Biden Administration official promises action on troubled Housing Authority. Tenants have complained for a year.
Biden Administration official promises action on troubled Housing Authority. Tenants have complained for a year.
Genevieve Redsten & Alison Dirr
Milwaukee Journal Sentinel
Published May 17, 2024
A key member of President Joe Biden's administration promised Thursday to straighten out Milwaukee's troubled public housing agency.
More than 10,000 Milwaukee residents — many of whom are low income Black and Latino — rely on the Housing Authority of the City of Milwaukee for shelter. The agency operates about 5,200 rental units across the city and distributes about $40 million a year in federal rent subsidies.

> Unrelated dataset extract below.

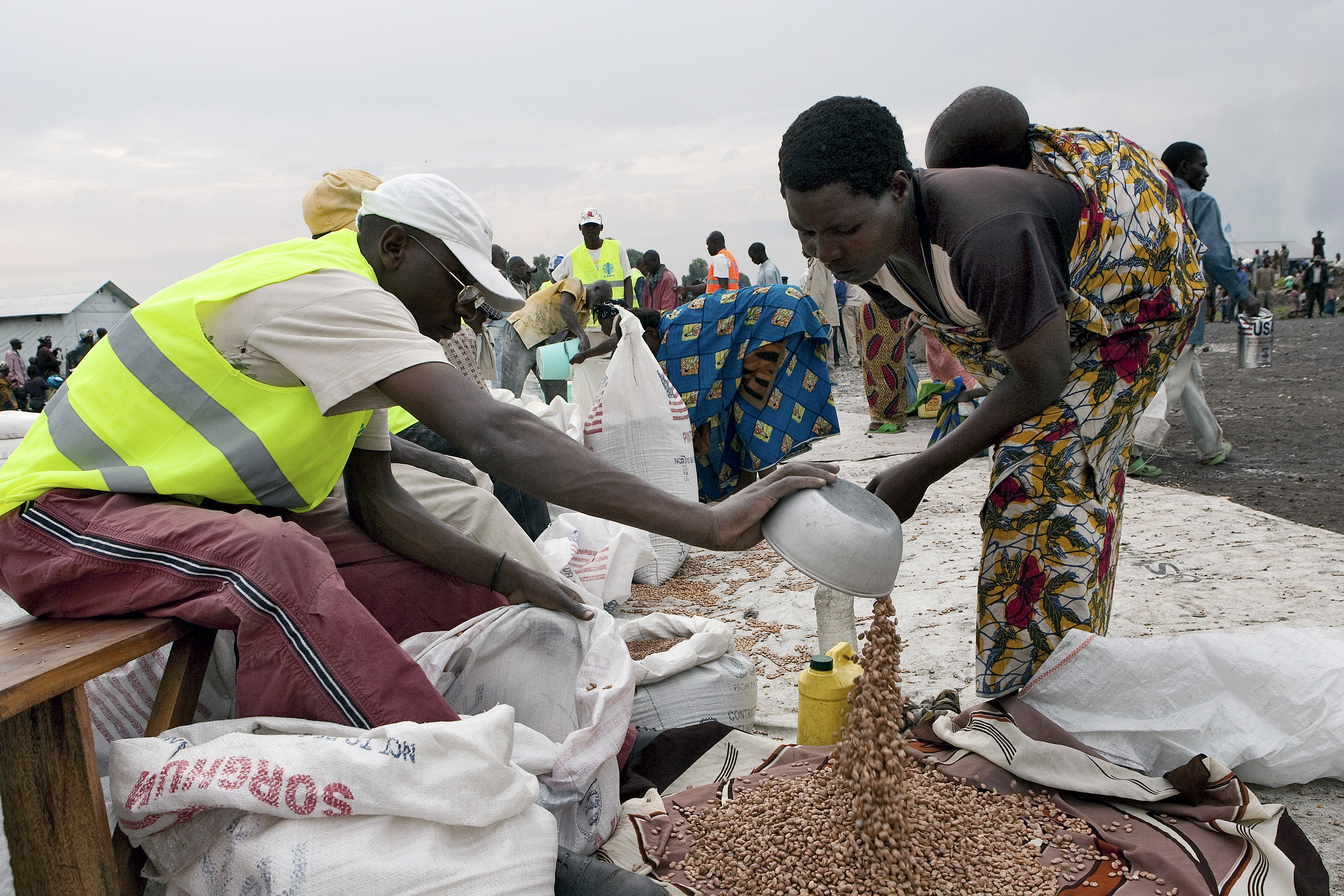 WFP Officer Distributes Food Ration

In the past year, reports of heating outages, bed bug infestations and gun violence inside Housing Authority properties have made headlines and prompted calls for reform. Tenants and community organizers say the agency isn't doing enough to keep its residents safe or address their concerns. For more than a year, they've been calling on federal regulators to step in and force change.

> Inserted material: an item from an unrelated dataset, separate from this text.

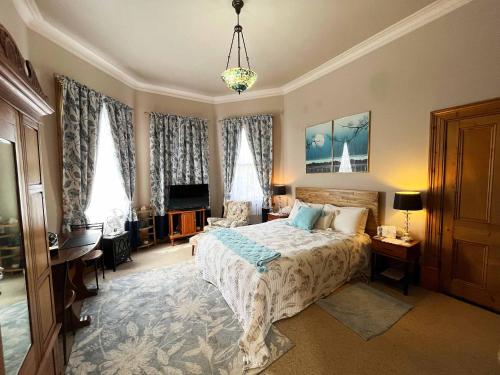 a bedroom with a bed and a living room at Stony Rise Cottage B&B in Devonport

Adrianne Todman, a top federal housing official who joined Vice President Kamala Harris on a visit to Milwaukee Thursday, said her agency "has taken all these concerns seriously, and there will be something done about it."
Todman is the acting secretary of the U.S. Department of Housing and Urban Development, which provides the city's Housing Authority with most of its funding.
"I've been talking very closely with a person who's in charge of public housing at HUD, and I'm actually sitting down with him tomorrow to get an update on what's happening in Milwaukee," Todman said Thursday.
It's the first time a federal official has spoken publicly about the concerns which have been raised in protests, including outside the home of a Housing Authority Board member.
Her comments signal that the problems inside Milwaukee's public housing have the attention of the Biden Administration, as the President is trying to shore up support from Black voters in Wisconsin before the upcoming election.
Three times this year, tenants and members of Common Ground, an advocacy group elevating tenants' concerns, have tried to air their concerns during meetings of the Housing Authority board. Those efforts were stymied when meetings were moved to virtual calls on short notice.